Exercise data ->
########

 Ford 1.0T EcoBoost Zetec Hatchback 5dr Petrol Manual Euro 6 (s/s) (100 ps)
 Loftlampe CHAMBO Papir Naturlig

########

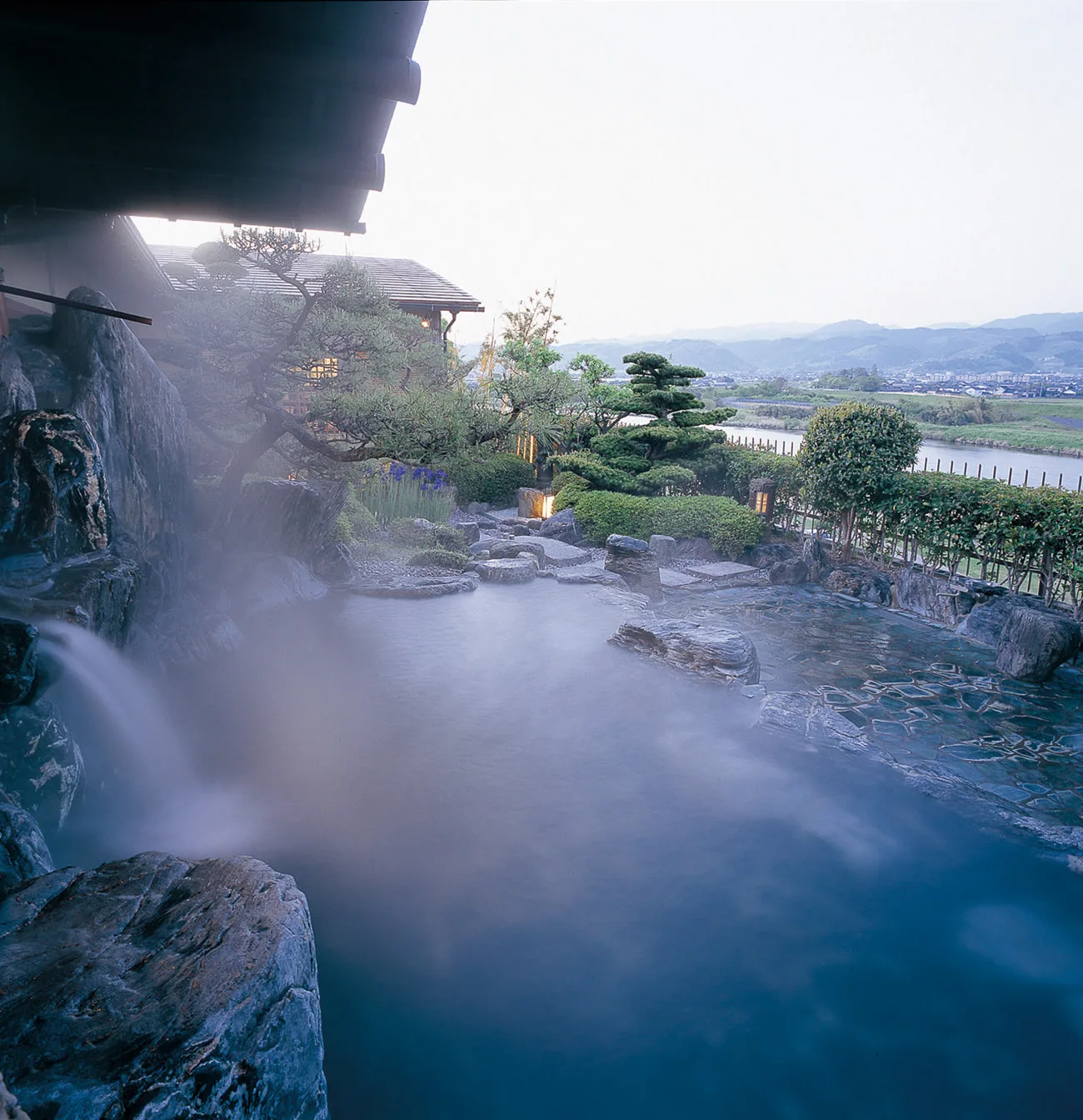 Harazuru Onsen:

########

The task -> Among the records above, repeat exactly the line with "Ford 1.0T EcoBoost", the line with "Loftlampe CHAMBO Papir Naturlig", and every line in between, and only those.

Response area ->
 Ford 1.0T EcoBoost Zetec Hatchback 5dr Petrol Manual Euro 6 (s/s) (100 ps)
 Loftlampe CHAMBO Papir Naturlig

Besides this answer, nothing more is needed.